Add optimizations doc

2025-12-15 17:21:31 -05:00 · 2025-12-15 17:21:31 -05:00 · 6fa800adc1
commit 6fa800adc1
parent f5130eaa43
1 changed files with 101 additions and 0 deletions
--- a/OPTIMIZATIONS.md
+++ b/OPTIMIZATIONS.md
@ -0,0 +1,101 @@
 # lofivor optimizations
 organized by performance goal. see journal.txt for detailed benchmarks.
 ## current ceiling
 - **100k entities @ 60fps** (AMD Radeon)
 - **50k entities @ 60fps** (i5-6500T integrated)
 - bottleneck: GPU-bound (update loop stays <1ms even at 100k)
 ---
 ## completed optimizations
 ### rendering pipeline (GPU)
 #### baseline: individual drawCircle
 - technique: `rl.drawCircle()` per entity
 - result: ~5k entities @ 60fps
 - problem: each call = separate GPU draw call
 #### optimization 1: texture blitting
 - technique: pre-render circle to 16x16 texture, `drawTexture()` per entity
 - result: ~50k entities @ 60fps
 - improvement: **10x** over baseline
 - why it works: raylib batches same-texture draws internally
 #### optimization 2: rlgl quad batching
 - technique: bypass `drawTexture()`, submit vertices directly via `rl.gl`
 - result: ~100k entities @ 60fps
 - improvement: **2x** over texture blitting, **20x** total
 - why it works: eliminates per-call overhead, vertices go straight to GPU buffer
 ---
 ## future optimizations
 ### milestone: push GPU ceiling higher
 these target the rendering bottleneck since update loop is already fast.
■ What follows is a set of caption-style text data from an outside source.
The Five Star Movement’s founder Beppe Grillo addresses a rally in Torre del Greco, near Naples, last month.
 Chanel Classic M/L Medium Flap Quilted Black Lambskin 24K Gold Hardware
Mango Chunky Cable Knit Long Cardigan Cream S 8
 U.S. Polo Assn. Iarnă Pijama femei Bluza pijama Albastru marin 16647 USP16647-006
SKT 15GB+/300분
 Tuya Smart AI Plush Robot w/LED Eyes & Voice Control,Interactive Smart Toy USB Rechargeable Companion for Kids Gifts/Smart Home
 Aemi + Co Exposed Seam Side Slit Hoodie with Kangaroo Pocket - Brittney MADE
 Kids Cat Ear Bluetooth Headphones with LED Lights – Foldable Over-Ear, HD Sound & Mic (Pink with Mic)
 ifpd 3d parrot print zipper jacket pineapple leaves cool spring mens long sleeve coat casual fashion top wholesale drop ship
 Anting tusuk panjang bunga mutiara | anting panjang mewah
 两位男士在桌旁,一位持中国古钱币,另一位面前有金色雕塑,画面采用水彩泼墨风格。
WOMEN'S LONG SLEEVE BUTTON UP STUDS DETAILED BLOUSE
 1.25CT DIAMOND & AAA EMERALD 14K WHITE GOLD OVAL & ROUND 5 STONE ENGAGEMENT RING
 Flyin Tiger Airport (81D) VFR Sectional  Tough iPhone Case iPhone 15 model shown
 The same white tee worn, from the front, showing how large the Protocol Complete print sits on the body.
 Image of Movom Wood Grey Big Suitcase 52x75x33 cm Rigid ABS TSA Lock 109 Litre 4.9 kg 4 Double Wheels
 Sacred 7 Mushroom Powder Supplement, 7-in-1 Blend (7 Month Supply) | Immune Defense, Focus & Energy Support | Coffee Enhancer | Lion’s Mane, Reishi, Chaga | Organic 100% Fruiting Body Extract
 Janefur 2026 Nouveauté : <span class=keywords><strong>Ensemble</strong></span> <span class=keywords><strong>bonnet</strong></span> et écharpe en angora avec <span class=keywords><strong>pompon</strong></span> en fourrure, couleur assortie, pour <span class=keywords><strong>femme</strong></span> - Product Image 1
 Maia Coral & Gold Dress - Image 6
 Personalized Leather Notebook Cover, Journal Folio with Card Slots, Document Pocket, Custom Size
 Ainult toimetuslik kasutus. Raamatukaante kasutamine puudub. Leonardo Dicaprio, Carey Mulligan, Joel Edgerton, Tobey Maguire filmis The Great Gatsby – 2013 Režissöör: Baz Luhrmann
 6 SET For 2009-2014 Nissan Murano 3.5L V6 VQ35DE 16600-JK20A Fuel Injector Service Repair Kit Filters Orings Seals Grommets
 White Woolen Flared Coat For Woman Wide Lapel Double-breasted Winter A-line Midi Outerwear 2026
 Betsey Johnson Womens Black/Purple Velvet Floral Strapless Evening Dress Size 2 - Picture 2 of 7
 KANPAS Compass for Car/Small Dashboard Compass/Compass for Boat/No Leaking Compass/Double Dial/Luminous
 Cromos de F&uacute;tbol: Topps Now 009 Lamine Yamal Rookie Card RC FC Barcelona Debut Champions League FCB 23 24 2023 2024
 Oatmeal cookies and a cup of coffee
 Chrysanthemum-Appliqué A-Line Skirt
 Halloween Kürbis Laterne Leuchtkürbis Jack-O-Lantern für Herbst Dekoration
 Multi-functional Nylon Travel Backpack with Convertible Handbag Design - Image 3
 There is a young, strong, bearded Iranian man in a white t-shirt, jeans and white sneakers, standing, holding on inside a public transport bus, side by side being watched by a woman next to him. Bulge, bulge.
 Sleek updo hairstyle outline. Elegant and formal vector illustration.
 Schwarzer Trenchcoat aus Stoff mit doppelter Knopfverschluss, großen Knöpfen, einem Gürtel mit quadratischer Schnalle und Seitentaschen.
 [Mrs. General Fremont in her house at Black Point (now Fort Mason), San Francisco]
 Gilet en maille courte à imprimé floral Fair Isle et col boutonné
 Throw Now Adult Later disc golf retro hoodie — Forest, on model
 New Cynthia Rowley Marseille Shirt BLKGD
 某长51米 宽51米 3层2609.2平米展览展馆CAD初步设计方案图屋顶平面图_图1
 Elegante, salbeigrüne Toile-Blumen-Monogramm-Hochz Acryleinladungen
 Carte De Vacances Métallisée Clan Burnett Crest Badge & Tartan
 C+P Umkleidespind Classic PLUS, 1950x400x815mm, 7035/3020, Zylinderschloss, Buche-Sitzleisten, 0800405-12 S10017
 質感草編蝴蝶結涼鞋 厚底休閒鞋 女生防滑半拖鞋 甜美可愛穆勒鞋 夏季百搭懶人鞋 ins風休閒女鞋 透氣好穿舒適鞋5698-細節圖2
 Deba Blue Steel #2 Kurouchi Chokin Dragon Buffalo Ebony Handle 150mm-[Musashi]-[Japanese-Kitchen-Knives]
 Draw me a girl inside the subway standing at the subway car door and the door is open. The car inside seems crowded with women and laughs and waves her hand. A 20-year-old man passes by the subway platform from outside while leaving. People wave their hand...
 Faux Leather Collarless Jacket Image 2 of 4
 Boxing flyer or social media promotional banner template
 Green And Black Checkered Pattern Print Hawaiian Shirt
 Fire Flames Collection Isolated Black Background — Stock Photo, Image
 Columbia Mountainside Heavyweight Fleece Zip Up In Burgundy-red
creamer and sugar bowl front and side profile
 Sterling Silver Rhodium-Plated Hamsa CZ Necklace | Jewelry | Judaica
 | technique              | description                                                          | expected gain |
 | ---------------------- | -------------------------------------------------------------------- | ------------- |
 | increase batch buffer  | raylib default is 8192 vertices (2048 quads). larger = fewer flushes | moderate      |
 | GPU instancing         | single draw call for all entities, GPU handles transforms            | significant   |
 | compute shader updates | move entity positions to GPU entirely                                | significant   |
 | OpenGL vs Vulkan       | test raylib's Vulkan backend                                         | unknown       |
 #### rendering culling
 | technique          | description                              | expected gain          |
 | ------------------ | ---------------------------------------- | ---------------------- |
 | frustum culling    | skip entities outside view               | depends on game design |
 | LOD rendering      | reduce detail for distant/small entities | moderate               |
 | temporal rendering | update/render subset per frame           | moderate               |
 ---
 ### milestone: push CPU ceiling (when it becomes the bottleneck)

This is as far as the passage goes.